L’enterrement de la sardine: Dernier volet de la sinueuse trilogie lisboète

Reviewed by Liza Bolen

Entrer dans L’Enterrement de la sardine, c’est entrer dans un univers disjoncté, où l’on accepte volontiers de se laisser entrainer par une narration fragmentée et essoufflante. Ceux qui connaissent déjà Le sermon aux poissons (2011) et Nina (2012), les deux volumes précédents de ce que l’on peut désormais appeler « la trilogie lisboète », connaissent déjà les plaisirs de ce jeu. Ceux qui rencontrent pour la première fois cet univers seront étourdis par la chaleur qui émane du texte et, surtout, par l’intelligence secouante de l’auteur Patrice Lessard. Résumer ce roman n’est pas chose simple. Bien que l’histoire puisse être énoncée de façon assez brève (un jeune écrivain tente d’écrire un roman à Lisbonne), les jeux de narration, le style unique de l’auteur, les personnages à la fois attachants et aliénants qui peuplent ce roman ainsi que les incessants aller-retour entre la réalité et la fiction donnent à L’Enterrement de la sardine un caractère unique et insaisissable. En effet, cet univers est celui du désordre, tant à l’intérieur du récit que dans la manière dont celui-ci est présenté sur les pages du roman.

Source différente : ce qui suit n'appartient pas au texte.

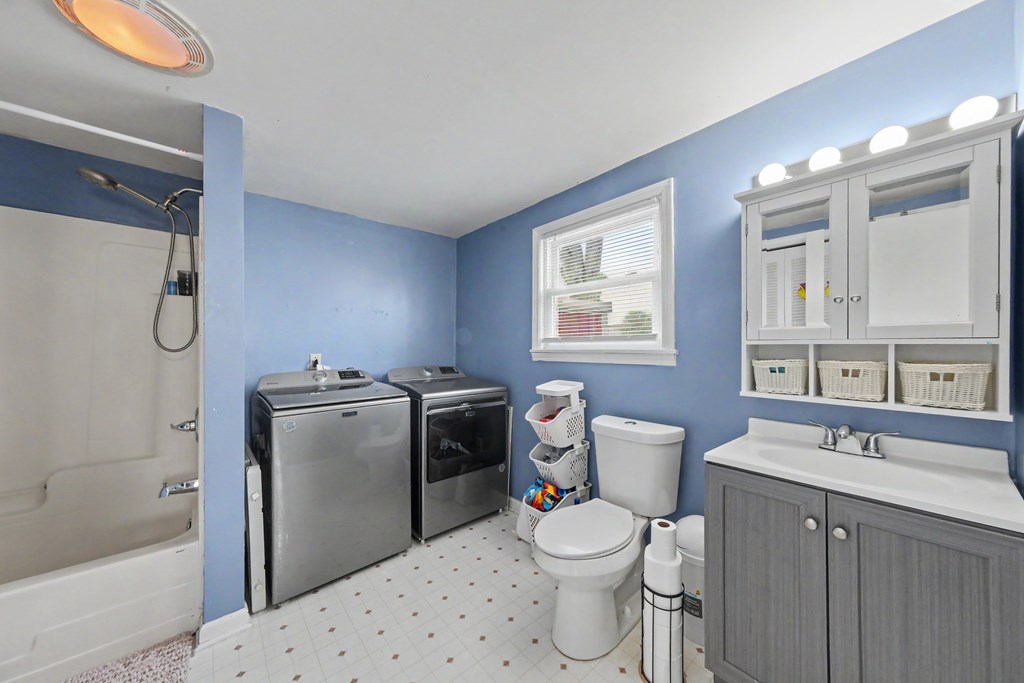 222 North Kibler Street, New Washington, Ohio 44854, 2 Bedrooms Bedrooms, ,1 BathroomBathrooms,Residential,For Sale,North Kibler Street,9073887 222 North Kibler Street, New Washington, Ohio 44854, 2 Bedrooms Bedrooms, ,1 BathroomBathrooms,Residential,For Sale,North Kibler Street,9073887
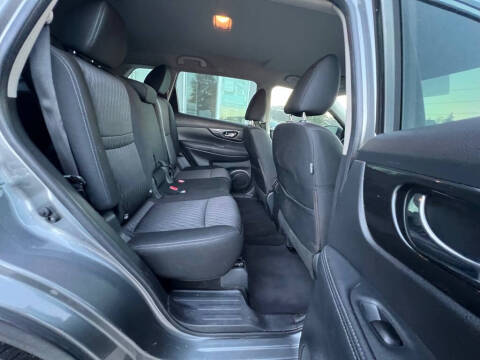 2018 Nissan Rogue S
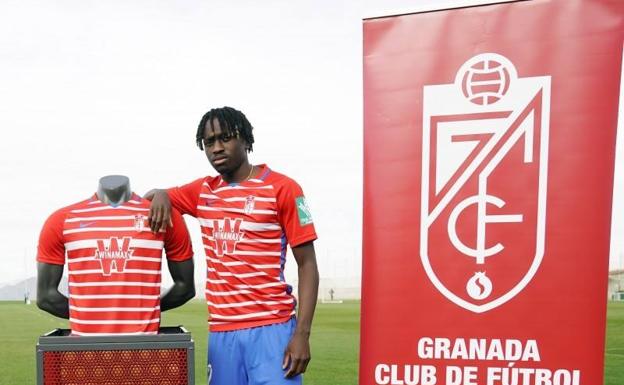 El Granada vuelve al trabajo sin Pepe y con Quina de rodaje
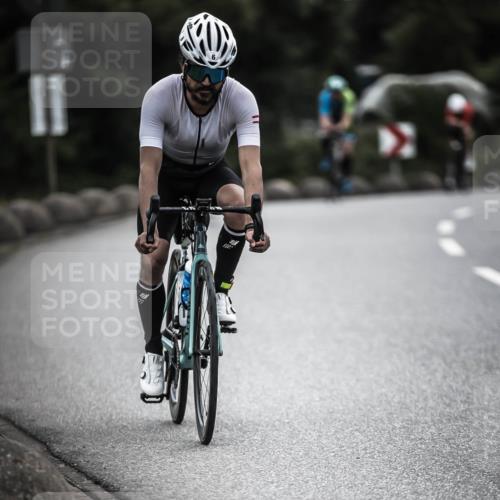 21.06.2026 - 29. Vierlanden-Triathlon H.Heesch http://msf.ph/oto/9910900 21.06.2026 09:36:12 Radfahren 6, 130, 135, 180 meine-sportfotos.de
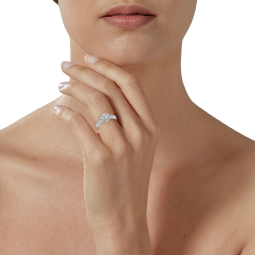 Bague en or gris et diamants
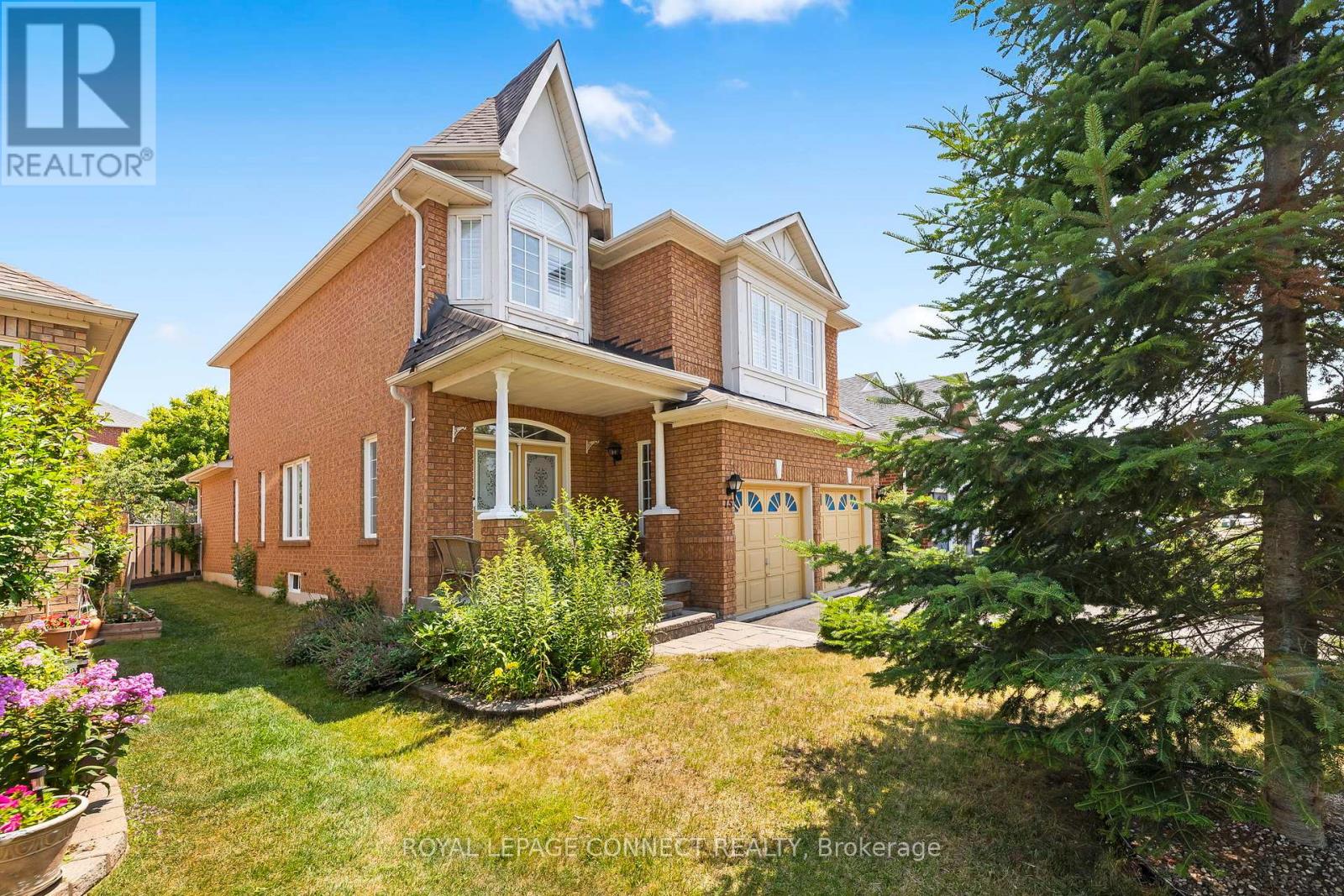 15 Root Cres, Ajax, ON L1T 4J8
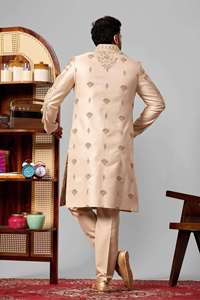 Sherwani para hombre con cuello mandarín, diseño frontal multipanel, sin arrugas, para bodas festivas, de tela tradicional de primera calidad con tacto divino. - Product Image 5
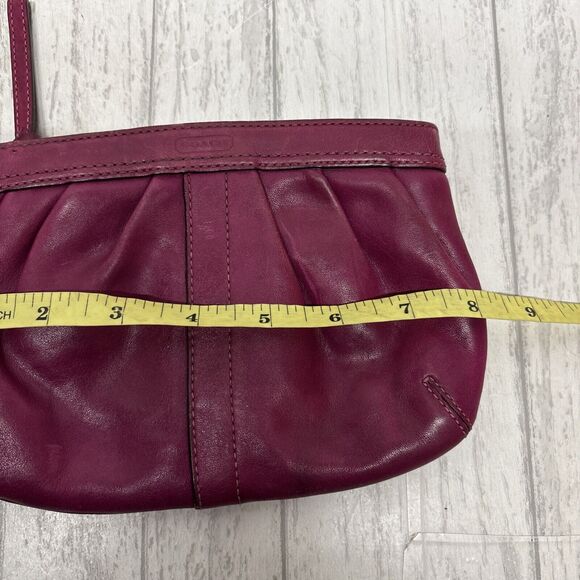 Womens Vintage Coach Wristlet Fuchsia Pink Leather - Picture 7 of 8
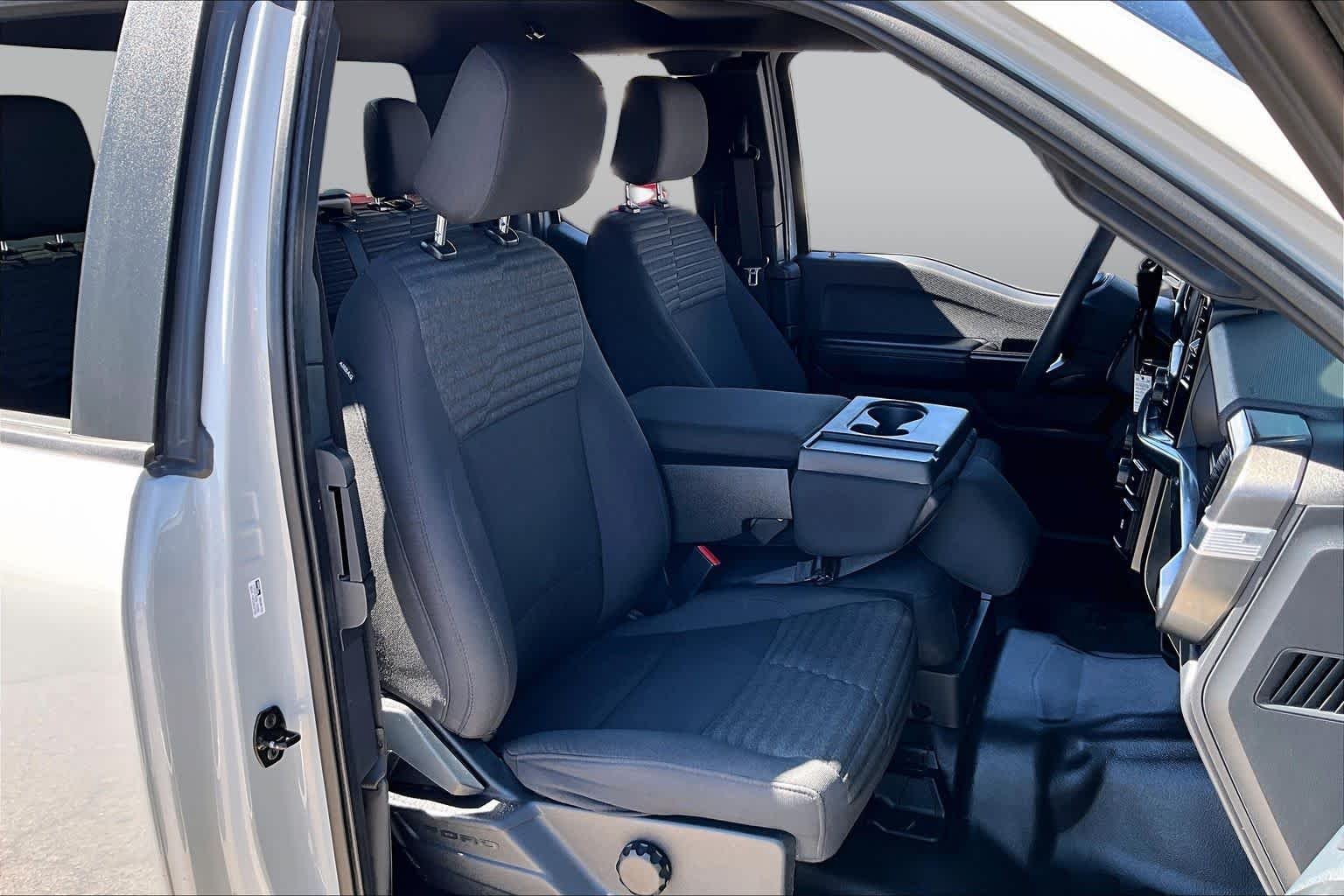 Used 2023 Avalanche Gray Ford XL image 9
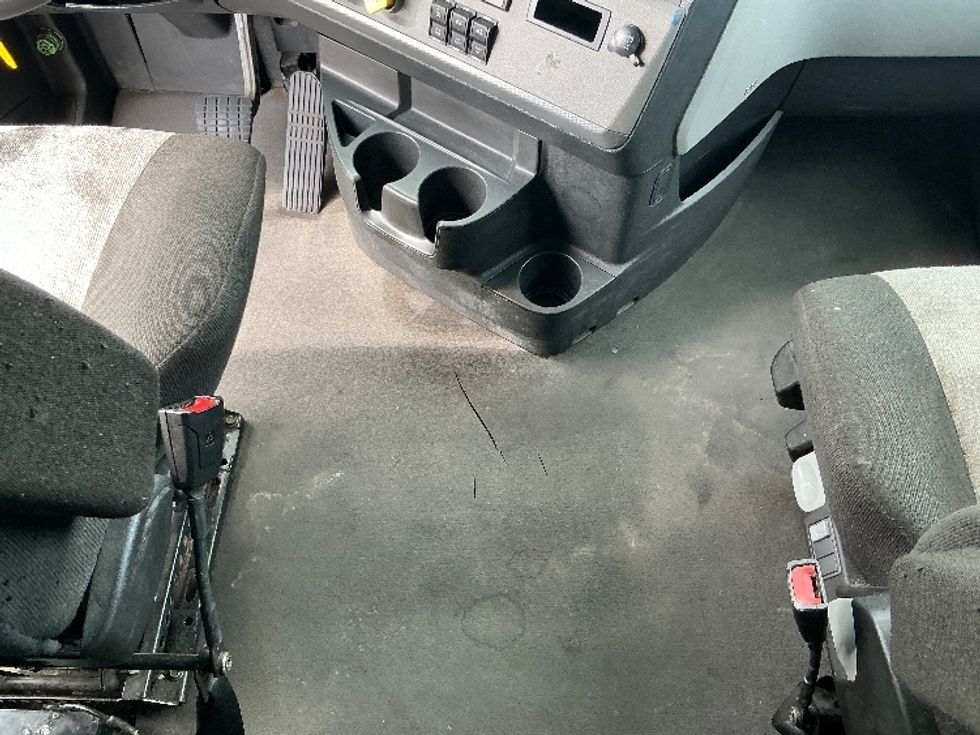 Sleeper Tractor-Heavy Duty Tractors-Freightliner-2022-T12664ST-Tucson-AZ-560,142\n\t\tmiles-$ 65,000 - Image 21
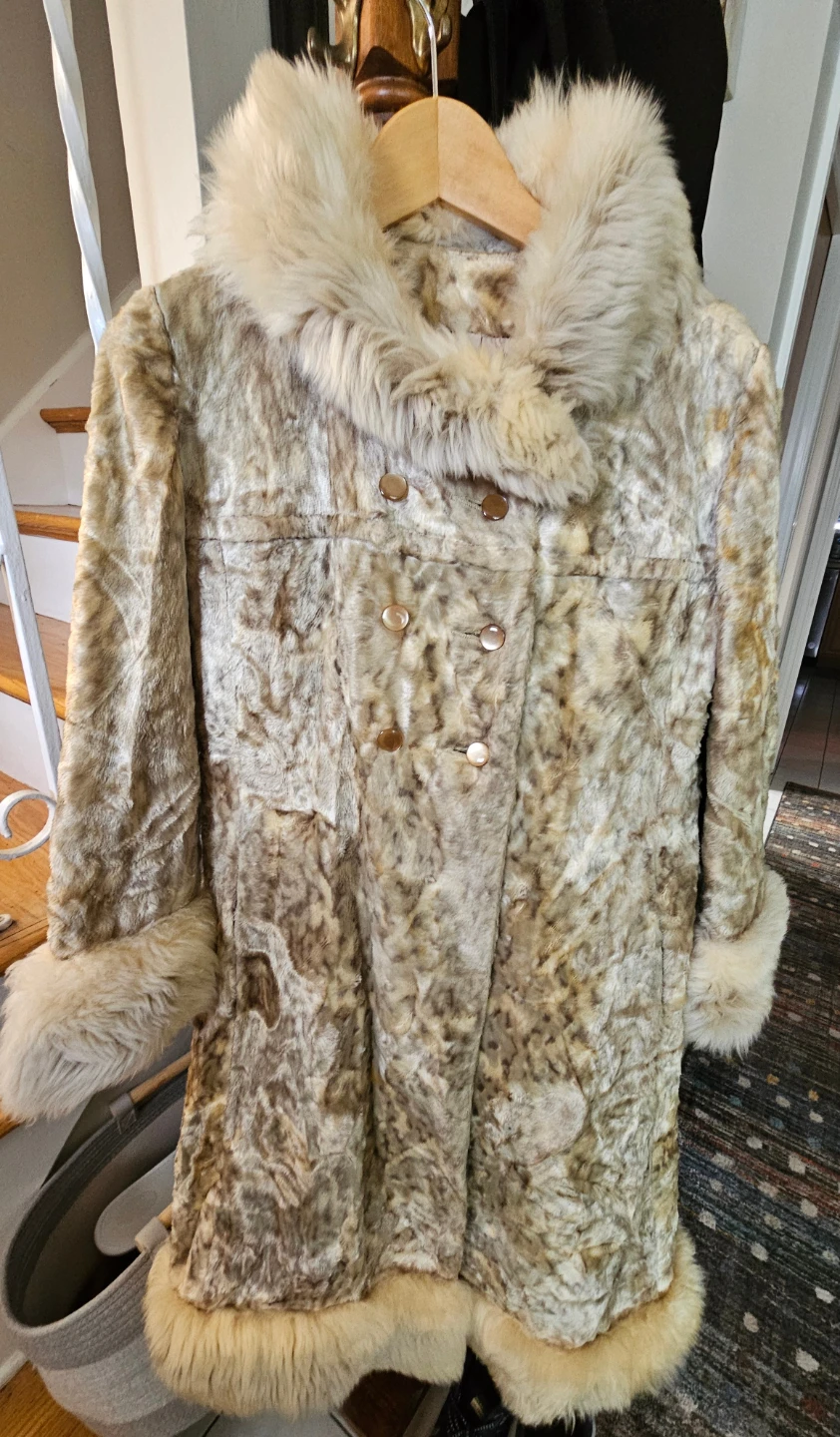 Vintage Victor's Old Orchard Coat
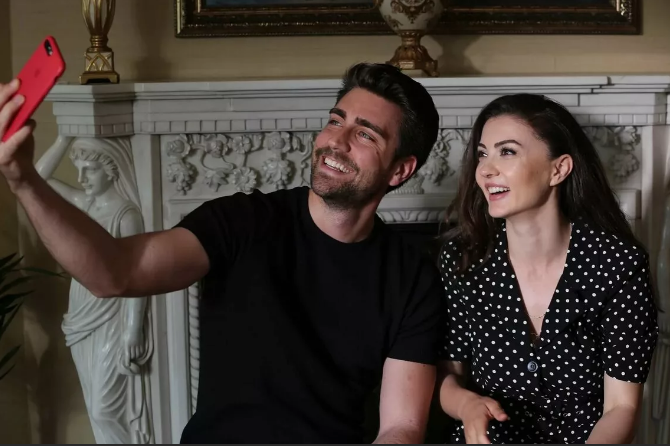 "Любовь напоказ": молодёжная комедия о фиктивном браке и настоящей любви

Ainsi, on passe du chapitre 13 au chapitre 7, puis viennent les chapitres 9, 10 et 14. Certains chapitres reviendront plus d’une fois et seront racontés de façon différente, et tous seront entrecoupés par des bribes de La vie de Sebastian, le roman que tente d’écrire le personnage principal. Bien que cette division puisse d’emblée paraître étrange et même perturbante, on réalise bien vite que cette façon de présenter le récit est nécessaire, car elle permet non seulement de raccorder la réalité à la fiction, mais elle permet aussi au lecteur de vivre cette même confusion, ces mêmes sensations de quête et de perte que vivent les curieux personnages de ce roman.

Vacillant entre le lumineux et l’impénétrable, le texte donne souvent au lecteur l’impression de se perdre dans l’opacité de ce labyrinthe littéraire pour se retrouver soudainement dans la chaleur familière des cafés et des bars de Lisbonne. Et c’est précisément cette sensation que vivent, à différents degrés, tous les personnages qui habitent l’univers de Patrice Lessard. Accompagné par l’auteur (ou, plutôt, par les auteurs), le lecteur parcourt les rues et les ruelles de Lisbonne en adoptant le regard de quelqu’un qui a connu cette ville, qui l’a aimée, et qui la voit maintenant ternie par de lourdes difficultés économiques. Ce roman témoigne donc de l’incompréhension et de l’impuissance de celui qui, petit à petit, constate la perte de ces points de repère. C’est en effet cette sensation que communique l’auteur à son lecteur à travers les dialogues interrompus et les descriptions fragmentées de L’Enterrement de la sardine, et c’est précisément là que se trouve le génie créateur de Patrice Lessard.